No hesitation whatsoever. It was something I felt was worth fighting for. What I find so compelling about the Snowden situation is that he’s very much in a place where we don’t know what’s going to happen. Will he ever go back to America? Will he stay in Russia? What happens when his asylum ends? There are so many open-ended questions. And being a woman, a young woman in the world today, I am grateful that I have access to information from the files that Edward decided to leak.

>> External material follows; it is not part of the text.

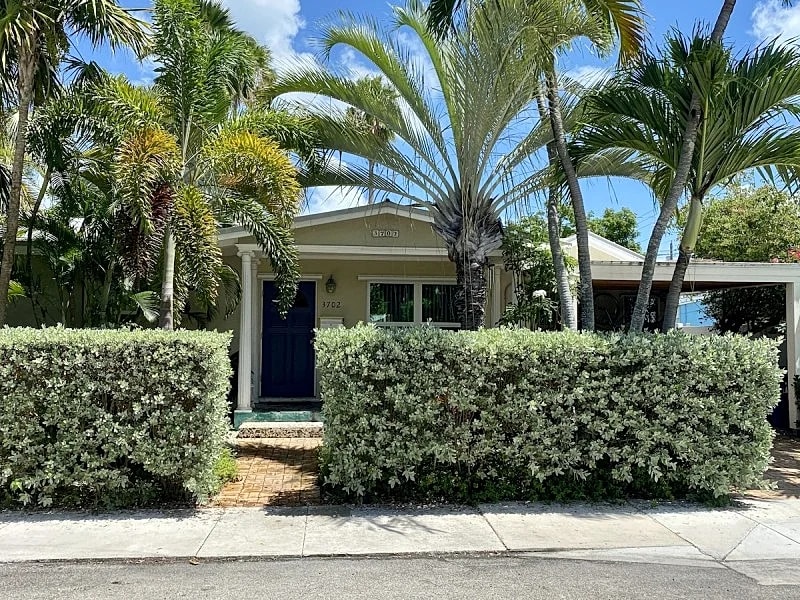 Single Family Home, 3 Bedroom, 2 Baths, Pool. Great Value! - Florida Keys in Key West, Florida, United States — photo 3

Has your view of Snowden changed?
No, it hasn’t changed at all. Listen, people are quick to say he’s a hero or he’s not a hero. I learned my lesson when I did an interview a few days ago and they changed what I had to say and now the headlines are all over the place. But let’s just say that I’m so glad the information he leaked is out there. I feel empowered by it, my life changed because of it, way before this movie was even around. Now, to be a part of this movie is exciting because even though a lot of people know of Edward Snowden, a lot of people don’t know a lot of the facts he released.

In the film you play Snowden’s dancer girlfriend Lindsay Mills and part of the preparation has been learning to pole dance. For Divergent you trained in knife-throwing. Are you picking up some useful life skills?
I am learning really useful life skills, actually. I’m not being facetious. It’s part of the beauty of being an actor.

Even pole dancing?
It’s athleticism.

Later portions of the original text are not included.